Même son de cloche du côté des spécialistes de la question au Sénat. La centriste Catherine Morin-Desailly reconnaît au DSA une avancée, mais trop timorée. La sénatrice, coauteure d’un rapport fouillé sur le sujet déplore que le DSA « tente » seulement « de construire un environnement plus sécurisé et équitable » au fonctionnement de plateformes sans toutefois remettre en question leur ADN. A savoir, un modèle économique qu’elle juge « toxique » voire « prédateur » basé sur la captation des données personnelles et de l’attention des utilisateurs. Selon elle, malgré les garde-fous, règles et autres obligations que le DSA entend leur imposer, « le modèle initial des plateformes est toujours là » souffle-t-elle.

 

Donner un coup de jeune à la directive de 2000

 

Quoiqu’en soient ses limites, le DSA est un premier pas pour encadrer un univers quasi hors de toute régulation. Aussi, le DSA va permettre d’enterrer la directive « e-commerce » datant de l’an 2000, qui fait jusqu’à présent office de cadre légal en Europe. Un véritable anachronisme. « Le monde était totalement différent, il n’y avait pas Facebook, Mark Zuckerberg n’en avait même pas encore eu l’idée, Steve Jobs et Apple n’avaient pas lancé l’iPod, ne parlons même pas de l’iPhone, Amazon était encore une entreprise déficitaire de Jeff Bezos » a décrit Christel Schaldemose, rapporteure danoise socialiste du DSA dans l’hémicycle européen hier.

 

« Monstres plus puissants que des Etats »

 

« Et cette législation conférait donc une non-responsabilité et une non redevabilité à ces entreprises, parce qu’à l’époque on ne voulait pas brider l’innovation », complète Catherine Morin Desailly.

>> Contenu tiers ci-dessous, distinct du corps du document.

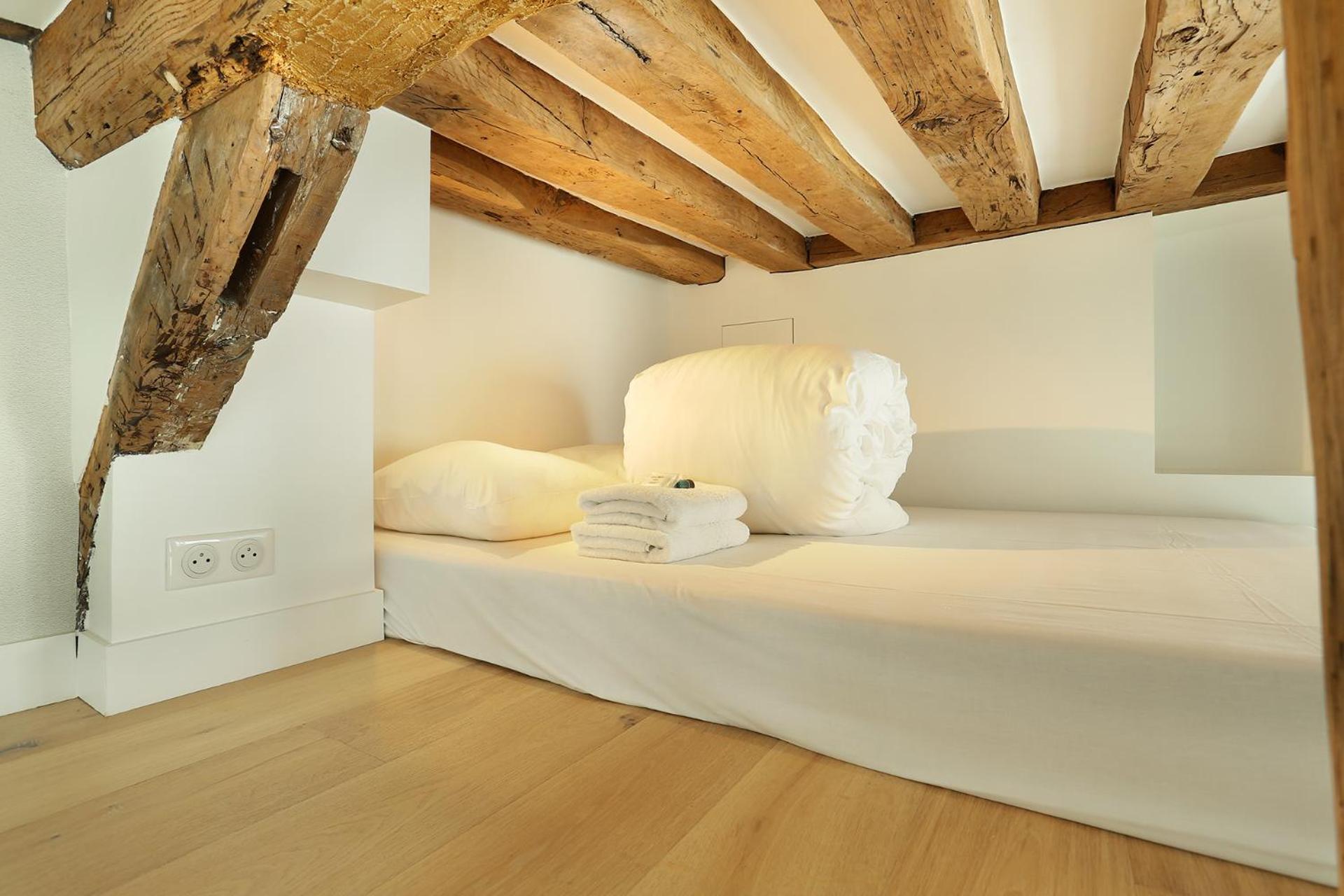 Residence Le Marais By Studio Prestige パリ エクステリア 写真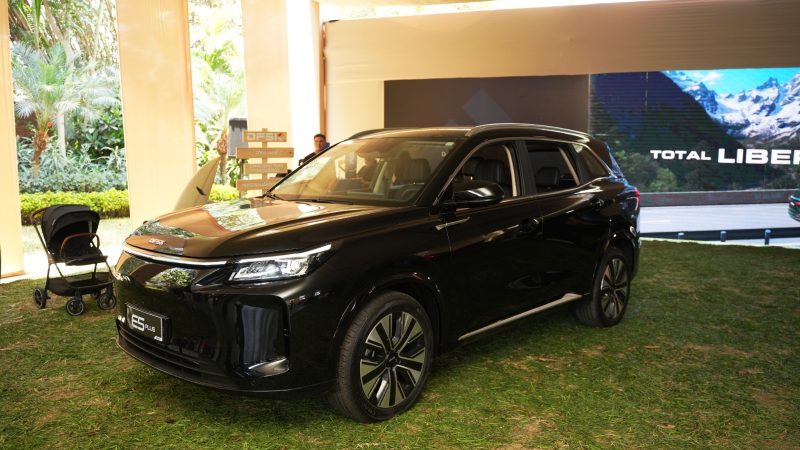 DFSK PERÚ CUMPLE 20 AÑOS Y LO CELEBRACON EL LANZAMIENTO DE LA E5 PLUS, SU NUEVA SUV HÍBRIDA ENCHUFABLE DE TRES FILAS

Moyennant quoi, ces entreprises sont devenues « les monstres » que l’on connaît selon la sénatrice de Seine-Maritime. Des entités qui brassent des dizaines, voire des centaines de milliards de dollars de chiffre d’affaires annuel et qui sont désormais « plus puissantes que les Etats-nations » observe-t-elle.

 

« Des méthodes d’un autre siècle »

 

Comme on peut s’en douter, les plateformes accueillent fraîchement la mesure. Certaines ont même tout fait pour la torpiller. Et c’est peu dire. Google s’y est même frontalement opposé, opérant un lobbying agressif pour faire plier, par tous les moyens, le Commissaire Thierry Breton comme l’a révélé Le Point en octobre dernier. « Ce sont des méthodes d’un autre siècle », a tempêté l’ancien ministre de l’Economie de Jacques Chirac. Après le tollé provoqué par ces révélations, Sundar Pichai, le PDG d’Alphabet, propriétaire de Google, a présenté ses excuses au Commissaire français.

 

Entrée en vigueur au 1er janvier 2023

 

Cette nouvelle directive devra être étudiée par les Vingt-sept et transposée dans le droit national de chaque Etat membre. Cette mesure s’accompagne d’un pendant économique : la législation sur les marchés numériques, appelée « Digital Markets Act » (DMA) censée permettre de réprimer les pratiques anticoncurrentielles des géants du web.

Ces deux directives, DSA et DMA font partie des priorités d’Emmanuel Macron, à la tête depuis hier de la présidence tournante du Conseil européen. La France espère finaliser ces deux lois avant l’été avec une entrée en vigueur espérée au 1er janvier 2023 dans l’Union.